→ Problem to solve:
Set down, please, exactly the lines below that run from the line with "Tenda a rullo" to the line with "A.J. Nystrom &", both lines included.

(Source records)
------------------------------

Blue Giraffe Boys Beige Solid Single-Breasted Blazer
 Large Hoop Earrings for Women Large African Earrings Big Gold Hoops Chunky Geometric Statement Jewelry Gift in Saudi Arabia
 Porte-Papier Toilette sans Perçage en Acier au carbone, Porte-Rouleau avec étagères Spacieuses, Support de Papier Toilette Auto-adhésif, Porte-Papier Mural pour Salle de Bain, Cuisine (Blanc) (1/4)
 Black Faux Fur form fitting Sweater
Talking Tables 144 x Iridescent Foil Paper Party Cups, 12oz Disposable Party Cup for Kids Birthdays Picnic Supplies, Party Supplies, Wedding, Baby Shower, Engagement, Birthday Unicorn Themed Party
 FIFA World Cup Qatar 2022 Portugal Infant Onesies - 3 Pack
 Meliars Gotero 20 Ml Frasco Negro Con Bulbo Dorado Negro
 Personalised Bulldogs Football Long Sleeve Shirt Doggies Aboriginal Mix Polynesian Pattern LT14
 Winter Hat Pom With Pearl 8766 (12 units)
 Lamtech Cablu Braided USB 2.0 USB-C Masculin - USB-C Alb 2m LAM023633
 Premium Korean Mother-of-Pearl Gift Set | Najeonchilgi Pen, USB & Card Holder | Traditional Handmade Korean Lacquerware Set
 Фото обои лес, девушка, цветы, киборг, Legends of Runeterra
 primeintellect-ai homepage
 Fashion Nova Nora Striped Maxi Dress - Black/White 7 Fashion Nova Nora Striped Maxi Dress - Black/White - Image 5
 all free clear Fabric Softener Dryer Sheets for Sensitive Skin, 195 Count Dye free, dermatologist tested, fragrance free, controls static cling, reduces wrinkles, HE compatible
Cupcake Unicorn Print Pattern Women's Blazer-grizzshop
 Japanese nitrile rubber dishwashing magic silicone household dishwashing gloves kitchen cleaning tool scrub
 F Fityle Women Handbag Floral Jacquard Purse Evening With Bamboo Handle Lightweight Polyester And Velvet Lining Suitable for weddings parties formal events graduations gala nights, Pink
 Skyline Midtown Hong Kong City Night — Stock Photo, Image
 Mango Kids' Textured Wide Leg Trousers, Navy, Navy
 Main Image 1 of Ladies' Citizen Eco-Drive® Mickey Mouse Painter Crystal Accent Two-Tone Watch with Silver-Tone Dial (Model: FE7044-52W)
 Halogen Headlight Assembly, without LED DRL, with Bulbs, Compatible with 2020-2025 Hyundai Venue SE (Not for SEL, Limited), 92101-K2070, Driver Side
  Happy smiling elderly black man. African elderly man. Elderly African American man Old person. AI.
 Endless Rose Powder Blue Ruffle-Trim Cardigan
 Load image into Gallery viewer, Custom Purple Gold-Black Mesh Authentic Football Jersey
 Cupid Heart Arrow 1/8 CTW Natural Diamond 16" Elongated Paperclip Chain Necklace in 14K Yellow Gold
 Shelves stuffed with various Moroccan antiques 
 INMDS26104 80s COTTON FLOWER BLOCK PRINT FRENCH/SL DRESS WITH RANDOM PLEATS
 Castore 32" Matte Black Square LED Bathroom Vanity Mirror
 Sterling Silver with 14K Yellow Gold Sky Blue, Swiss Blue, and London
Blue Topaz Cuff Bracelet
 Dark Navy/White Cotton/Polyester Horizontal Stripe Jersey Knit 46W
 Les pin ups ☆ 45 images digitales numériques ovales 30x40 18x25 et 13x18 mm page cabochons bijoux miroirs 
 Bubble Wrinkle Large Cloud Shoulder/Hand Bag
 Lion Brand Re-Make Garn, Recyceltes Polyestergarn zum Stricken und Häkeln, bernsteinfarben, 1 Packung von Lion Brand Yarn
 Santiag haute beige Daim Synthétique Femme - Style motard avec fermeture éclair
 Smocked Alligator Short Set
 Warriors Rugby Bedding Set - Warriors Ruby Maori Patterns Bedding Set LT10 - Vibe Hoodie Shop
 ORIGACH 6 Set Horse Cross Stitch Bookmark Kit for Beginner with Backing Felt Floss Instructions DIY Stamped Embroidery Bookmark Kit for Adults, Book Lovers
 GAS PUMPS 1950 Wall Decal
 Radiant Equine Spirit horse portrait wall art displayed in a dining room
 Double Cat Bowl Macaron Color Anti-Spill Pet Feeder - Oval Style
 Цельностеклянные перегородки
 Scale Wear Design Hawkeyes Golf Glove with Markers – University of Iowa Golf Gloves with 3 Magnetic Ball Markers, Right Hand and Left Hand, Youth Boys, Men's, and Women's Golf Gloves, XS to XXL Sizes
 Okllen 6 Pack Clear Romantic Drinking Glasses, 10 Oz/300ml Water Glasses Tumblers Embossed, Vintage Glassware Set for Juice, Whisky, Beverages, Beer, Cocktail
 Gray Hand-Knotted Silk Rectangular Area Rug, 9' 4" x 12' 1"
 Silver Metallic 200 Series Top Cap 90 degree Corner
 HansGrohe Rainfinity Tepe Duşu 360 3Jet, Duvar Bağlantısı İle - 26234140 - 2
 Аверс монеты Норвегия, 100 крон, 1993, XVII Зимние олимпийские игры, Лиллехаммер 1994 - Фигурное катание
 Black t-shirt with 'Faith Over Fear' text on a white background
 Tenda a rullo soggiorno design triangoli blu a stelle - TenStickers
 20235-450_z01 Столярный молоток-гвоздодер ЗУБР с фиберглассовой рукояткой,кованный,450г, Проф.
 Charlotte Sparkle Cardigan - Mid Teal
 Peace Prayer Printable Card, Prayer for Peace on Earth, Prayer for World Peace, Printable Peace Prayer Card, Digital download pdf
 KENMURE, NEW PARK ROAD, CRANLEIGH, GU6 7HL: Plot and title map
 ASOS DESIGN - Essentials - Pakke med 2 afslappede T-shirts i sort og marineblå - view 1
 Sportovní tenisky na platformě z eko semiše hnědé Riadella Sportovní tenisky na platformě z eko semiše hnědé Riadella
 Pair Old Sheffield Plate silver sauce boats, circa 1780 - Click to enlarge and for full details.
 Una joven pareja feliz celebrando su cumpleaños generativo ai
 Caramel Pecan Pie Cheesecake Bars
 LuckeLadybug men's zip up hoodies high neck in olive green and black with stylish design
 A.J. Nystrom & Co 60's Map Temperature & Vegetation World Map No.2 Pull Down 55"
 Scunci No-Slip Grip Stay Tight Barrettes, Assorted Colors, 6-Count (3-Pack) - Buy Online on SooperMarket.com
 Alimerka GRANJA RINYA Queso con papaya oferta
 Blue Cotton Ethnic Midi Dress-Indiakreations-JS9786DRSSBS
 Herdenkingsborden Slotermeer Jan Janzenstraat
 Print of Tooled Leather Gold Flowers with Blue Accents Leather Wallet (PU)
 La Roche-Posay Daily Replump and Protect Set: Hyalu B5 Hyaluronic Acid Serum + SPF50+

------------------------------

→ Result of this exercise:
 Tenda a rullo soggiorno design triangoli blu a stelle - TenStickers
 20235-450_z01 Столярный молоток-гвоздодер ЗУБР с фиберглассовой рукояткой,кованный,450г, Проф.
 Charlotte Sparkle Cardigan - Mid Teal
 Peace Prayer Printable Card, Prayer for Peace on Earth, Prayer for World Peace, Printable Peace Prayer Card, Digital download pdf
 KENMURE, NEW PARK ROAD, CRANLEIGH, GU6 7HL: Plot and title map
 ASOS DESIGN - Essentials - Pakke med 2 afslappede T-shirts i sort og marineblå - view 1
 Sportovní tenisky na platformě z eko semiše hnědé Riadella Sportovní tenisky na platformě z eko semiše hnědé Riadella
 Pair Old Sheffield Plate silver sauce boats, circa 1780 - Click to enlarge and for full details.
 Una joven pareja feliz celebrando su cumpleaños generativo ai
 Caramel Pecan Pie Cheesecake Bars
 LuckeLadybug men's zip up hoodies high neck in olive green and black with stylish design
 A.J. Nystrom & Co 60's Map Temperature & Vegetation World Map No.2 Pull Down 55"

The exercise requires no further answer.